Can Digital Twins Improve Patient Care?
The technology, which has been successfully used in other industries, is slowly emerging as an innovative way to “clone” organ systems and genomic data to personalize patient care.
By John Halamka, M.D., president, Mayo Clinic Platform, and Paul Cerrato, senior research analyst and communications specialist, Mayo Clinic Platform
If you’re a science fiction fan, the term digital twin might conjure up images of humans in incubators being cloned like in the movie Matrix. But the reality is far more intriguing. In plain English, a digital twin “is a virtual model designed to accurately reflect a physical object.” A digital twin of a wind turbine, for example, would receive data from a turbine’s sensors that measure energy output, temperature, and other parameters. The digital twin would then run simulations and suggest ways to improve the performance of the physical turbine. Several health care innovators are starting to apply this technology as well.
Cardiology and critical care medicine are at the forefront in this cutting-edge area of digital medicine. Amongst patients with arrhythmias, for instance, a digital blueprint can provide insights into the cause of mechanical discoordination within the heart and improve cardiac resynchronization therapy (CRT). In patients with prolonged QRS duration, CRT can be quite effective, but among those with intermediate ECG readings, the right course of action is less certain. Digital twin technology combines statistical methods with mechanistic modeling to bridge this gap. Similarly, investigators have found that “the combination of cardiovascular imaging and computational fluid dynamics enables non-invasive characterizations of flow fields
and the calculation of diagnostic metrics in the domains of coronary artery disease, aortic aneurysm, aortic dissection, valve prostheses, and stent design.”

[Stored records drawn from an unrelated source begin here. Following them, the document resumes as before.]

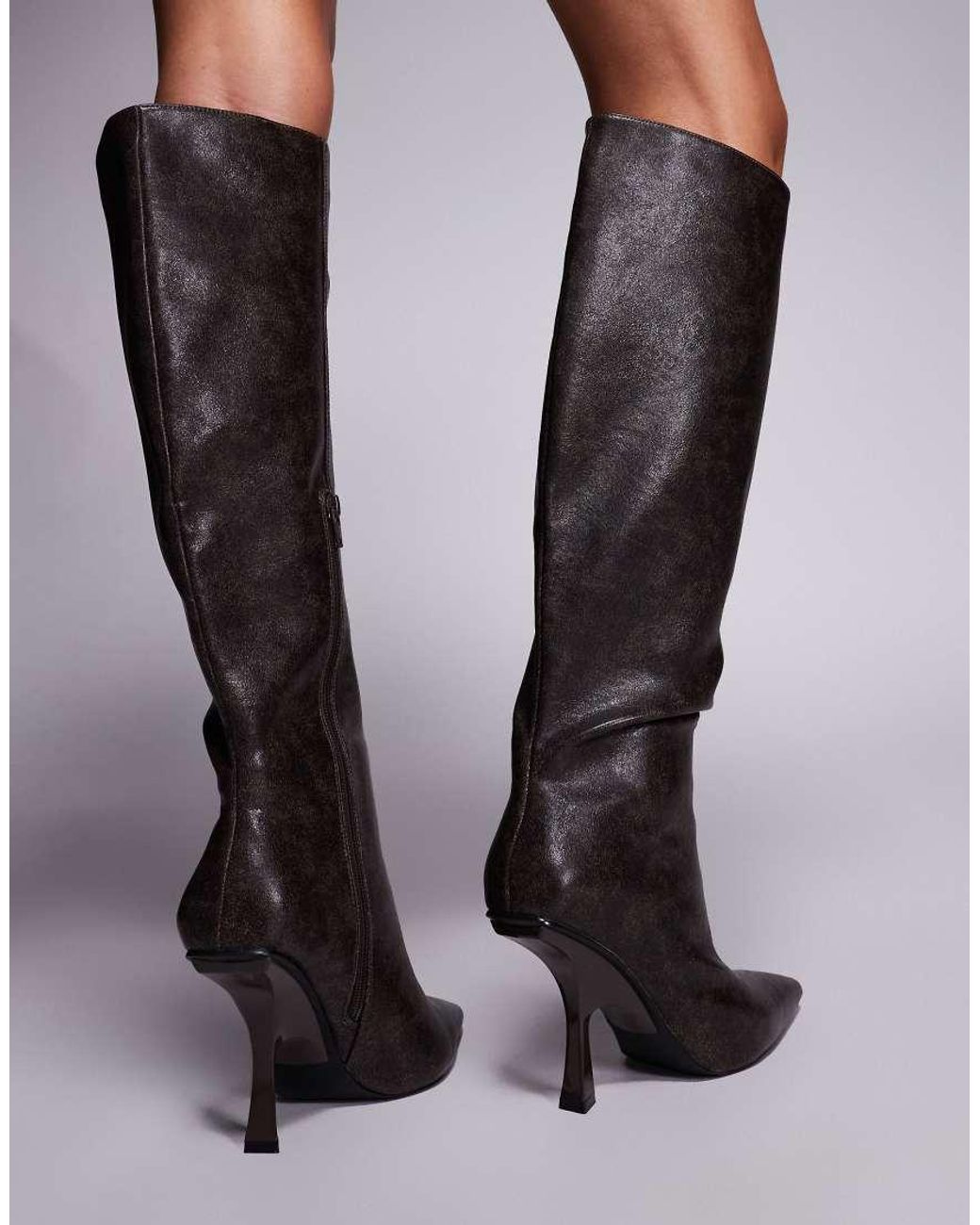 Public Desire Black Third Date High Heeled Knee Boots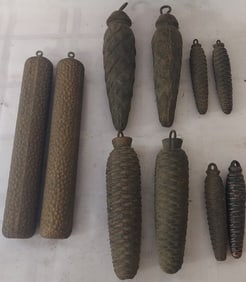 Group of 10 Cast Iron Clock Weights Including Some Pairs, Cuckoo Clock Pinecone Weights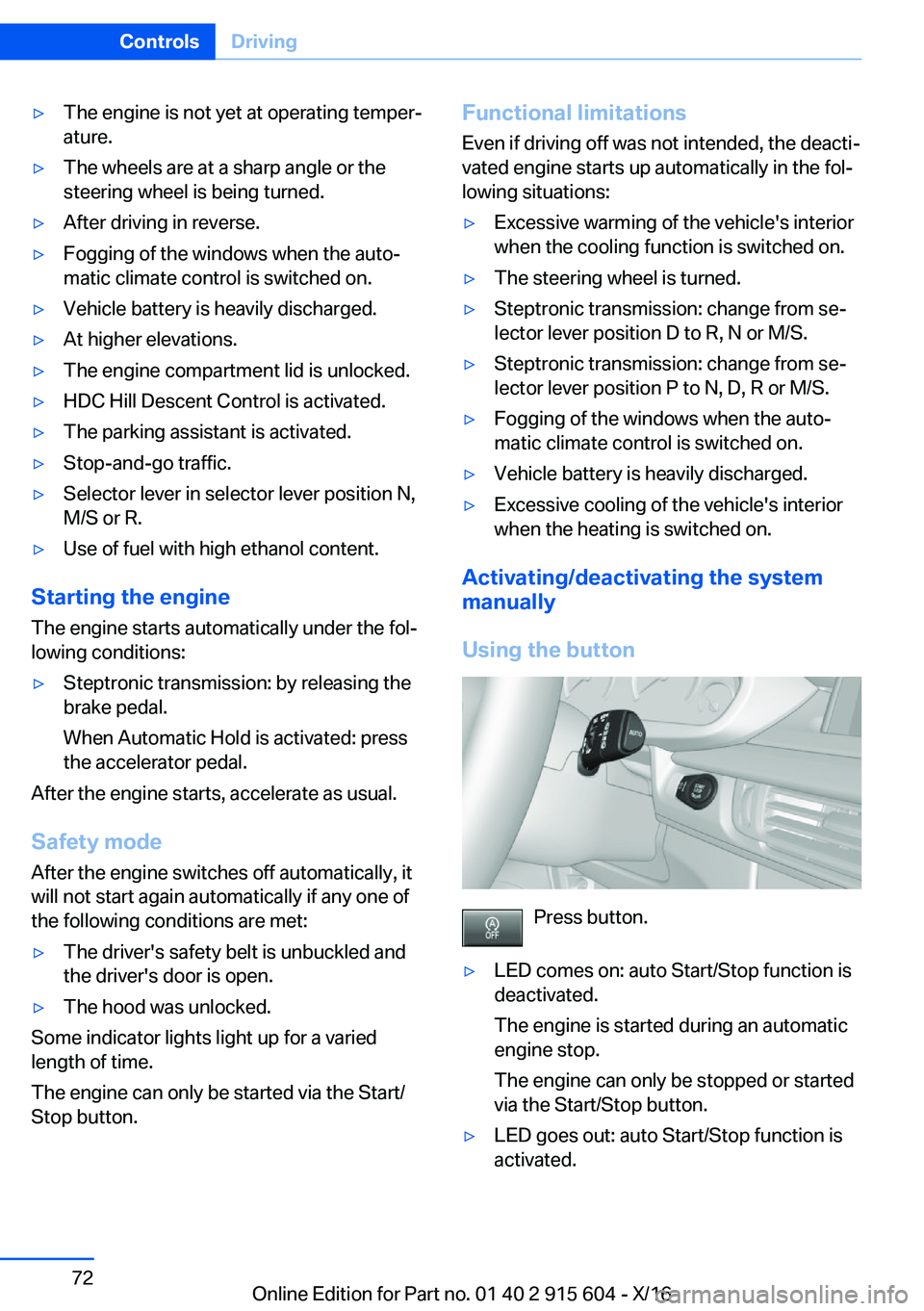 BMW X6 2017 Manual PDF 'y�T�h�e� �e�n�g�i�n�e� �i�s� �n�o�t� �y�e�t� �a�t� �o�p�e�r�a�t�i�n�g� �t�e�m�p�e�rj�a�t�u�r�e�.'y�T�h�e� �w�h�e�e�l�s� �a�r�e� �a�t� �a� �s�h�a�r�p� �a�n�g�l�e� �o�r� �t�h�e
�s�t�e�e�r�i�n�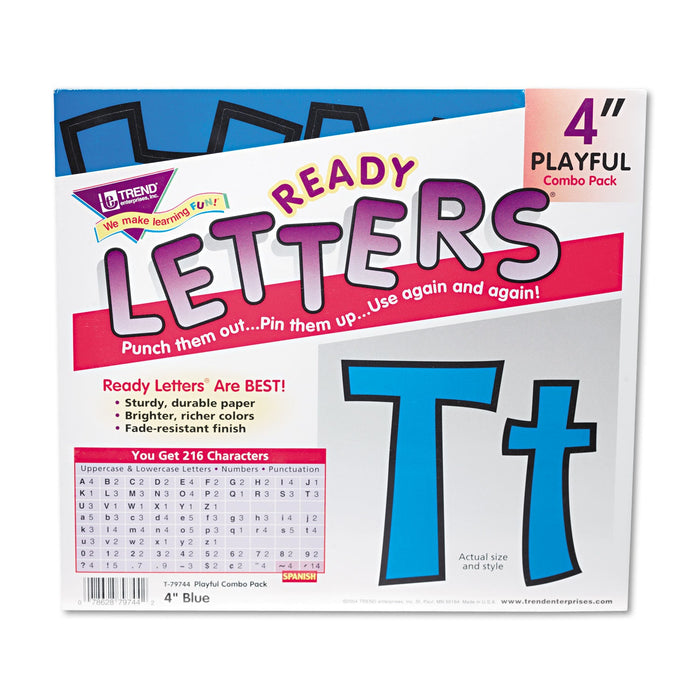 TREND Ready Letters Playful Combo Set, Blue, 4"h, 216/Set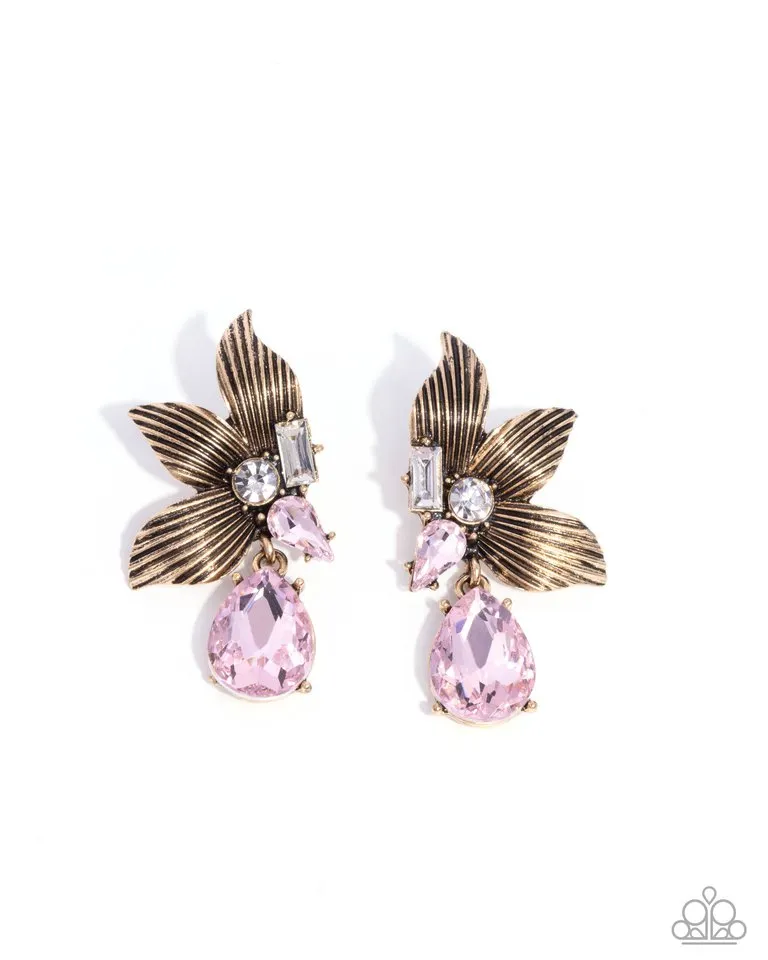Paparazzi Earring ~ Showstopping Symphony - Pink
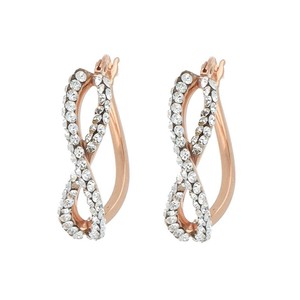 Boucles d'oreilles DelPia Style Infini, tube externe 10 % or 18 carats sur argent sterling 925, cristaux blancs à l'intérieur, rose 10x15mm - Product Image 2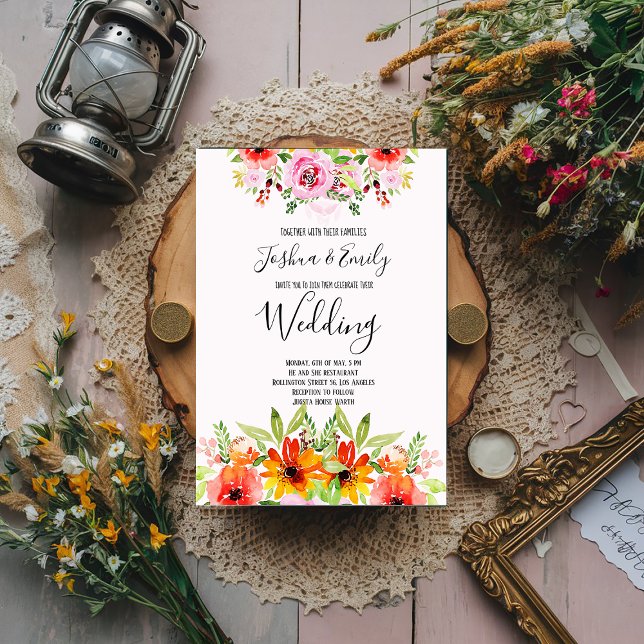 Invitación a la boda floral verde rosa (Subido por el creador)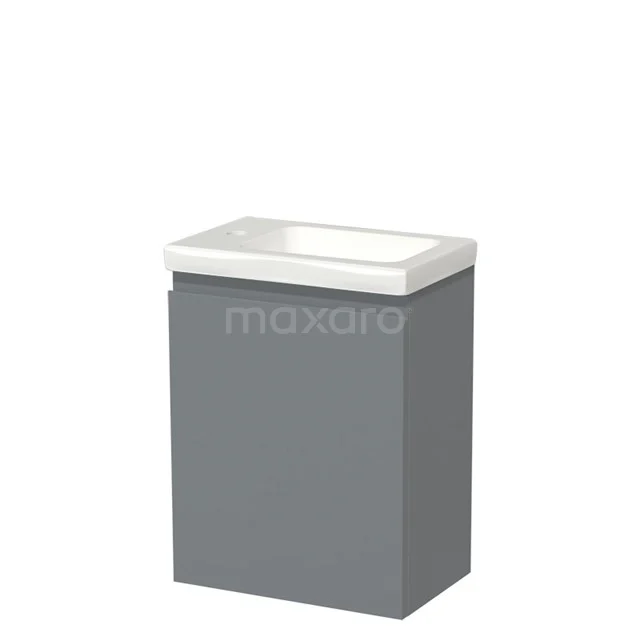 Modulo Pico Toiletmeubel met wastafel | 40 cm Middengrijs Greeploos front Keramiek TMW10-00037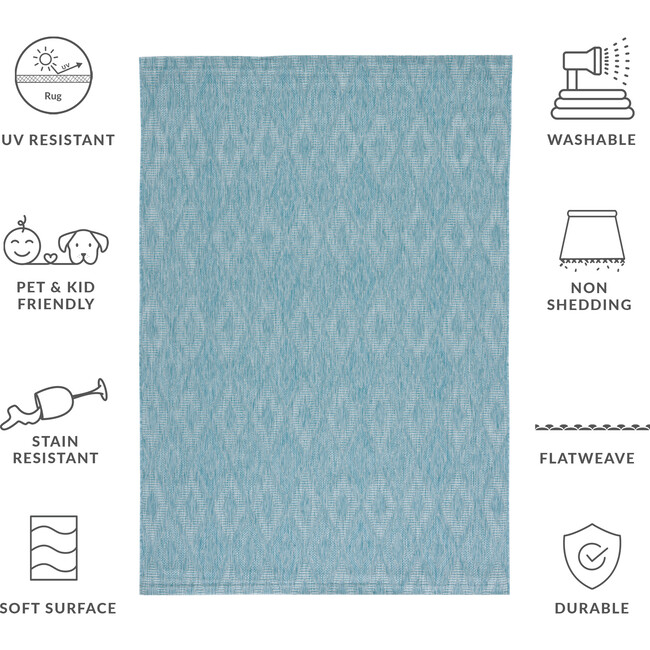 Courtyard August Indoor/Outdoor Rug, Turquoise - Rugs - 4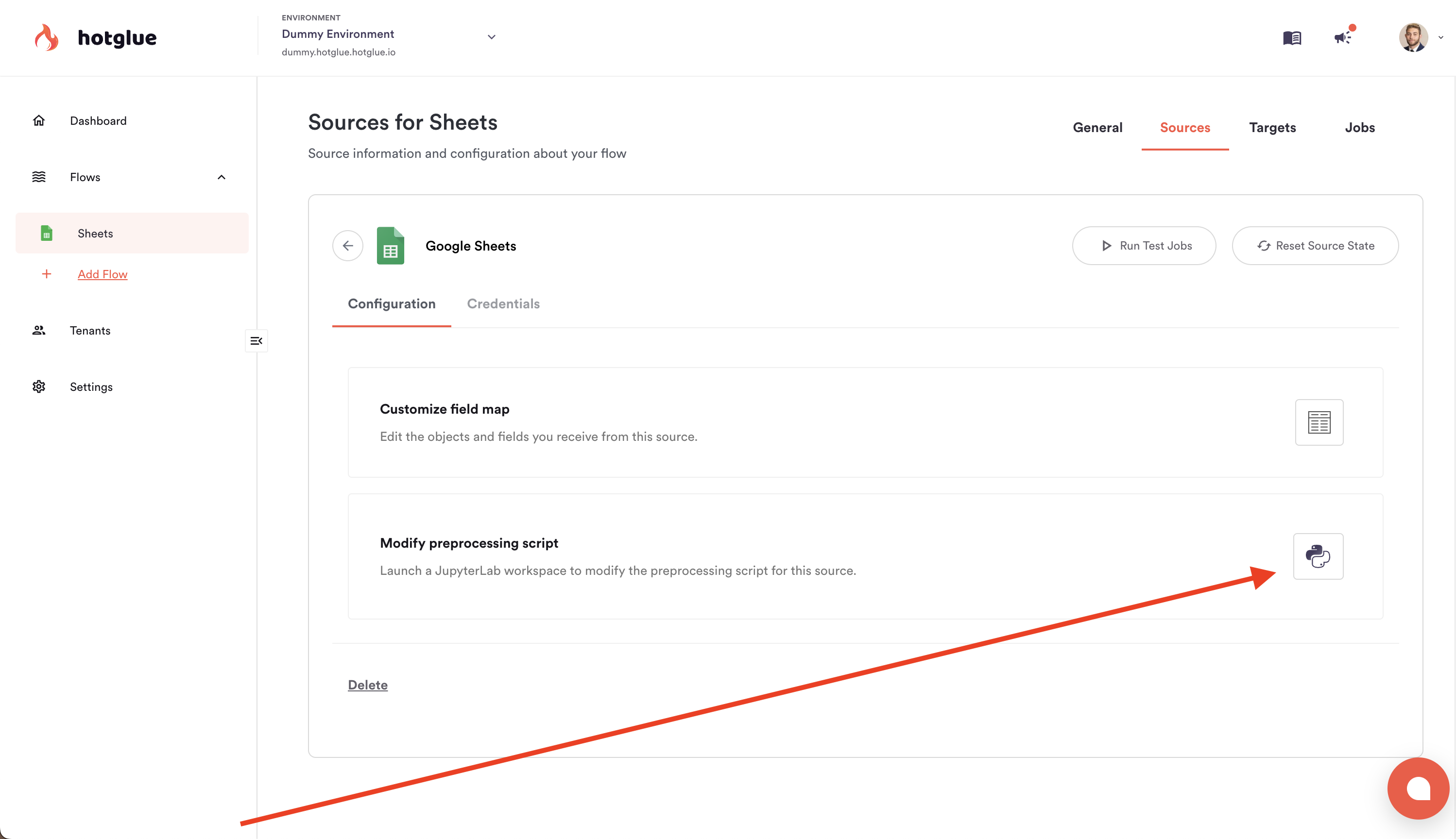 hotglue - Google Sheets Source Settings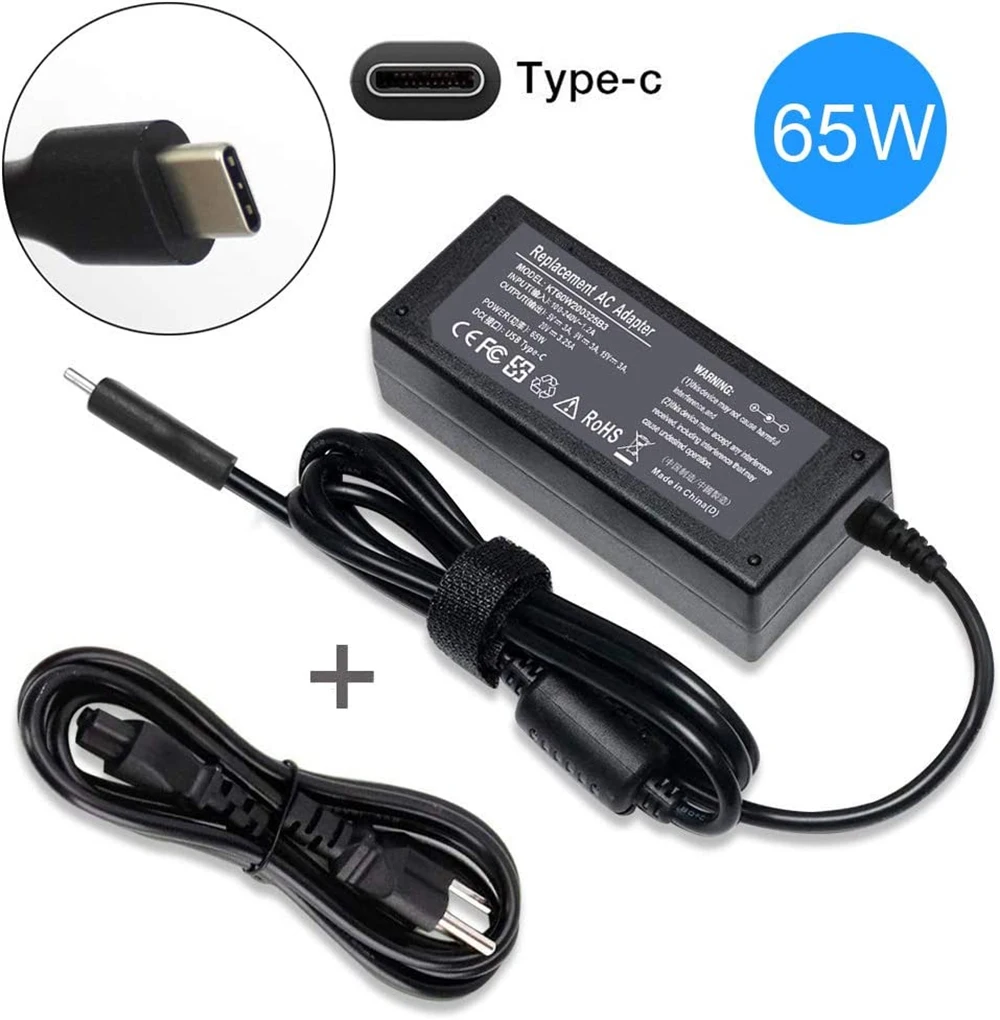 

USB C Laptop Charger 65W 45W Adapter for HP Chromebook 14 13 X360 G5 14-ca051wm 14-ca061dx 11 11A G6 G7 G8 EE Spectre EliteBook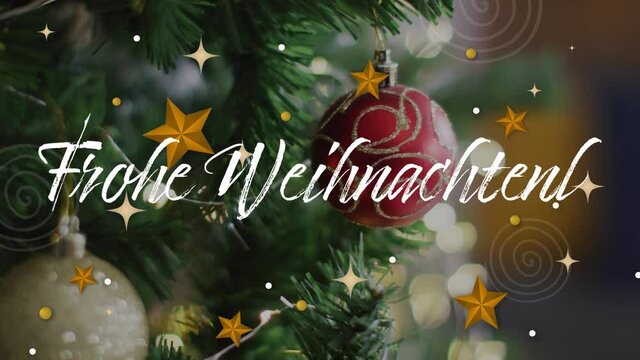 Animation of christmas seasons greetings in german over baubles decorations on christmas tree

Researchers are also exploring the value of digital twins to improve mechanical ventilation in the ICU. An international team from China, New Zealand, Germany, the Netherlands and Belgium have created a computer model to capture several pulmonary readings from individual patients’ ventilator data. The data are used to construct a virtual patient that is “fully automated using the hysteresis loop analysis method to identify lung elastances from clinical data.” Zhou et al explain the need for this approach by pointing out that, while positive end expiratory pressure (PEEP) helps keep patients’ alveoli open and improves oxygenation in ICU patients, finding the best PEEP settings varies from patient to patient. With that uncertainty in mind, they postulated that: “An accurate, predictive virtual patient or digital clone based on a mechanical model of patient-specific lung mechanics would augment clinical data, provide a more comprehensive picture of patient-specific state, and predict response to care.” While a detailed explanation of the technology would take us too far afield, the end result of their digital twin experiment suggests it has clinical potential. When they tested it on up to 18 patients, they found it accurately predicted patients’ lung response to changes in PEEP.
Digital twin modeling is also being used to represent individual patients’ genome, which may help clinicians link their genetic variants to specific disease risks. Leap of Faith Technologies* explains that the technology can serve as “a platform and interface for accessing genomic data relevant to the personal health record. The interface includes a map of the person’s genome and identified gene variants that may be relevant to diagnosed medical problems/conditions mapped to body systems, value sets, and clinical code sets over time.”
Digital twin technology has also been an active area of research at Mayo Clinic for many years. Ognjen Gajic, M.D. and his colleagues have been investigating the potential role of a digital twin patient model to predict how well patients respond to treatment during the first 24 hours of sepsis. Their research: “confirmed the feasibility of development and prospective testing of causal artificial intelligence model to predict the response to treatment in early stages of critical illness. The availability of qualitative and quantitative data and a relatively short turnaround time makes the ICU an ideal environment for development and testing of digital twin patient models.”
Digital twins may not be quite ready for routine application in clinical practice, but the research strongly suggests it will eventually emerge as another useful tool in the AI/machine learning arsenal.
*The mention of Leap of Faith Technology should not be interpreted as an endorsement by Mayo Clinic.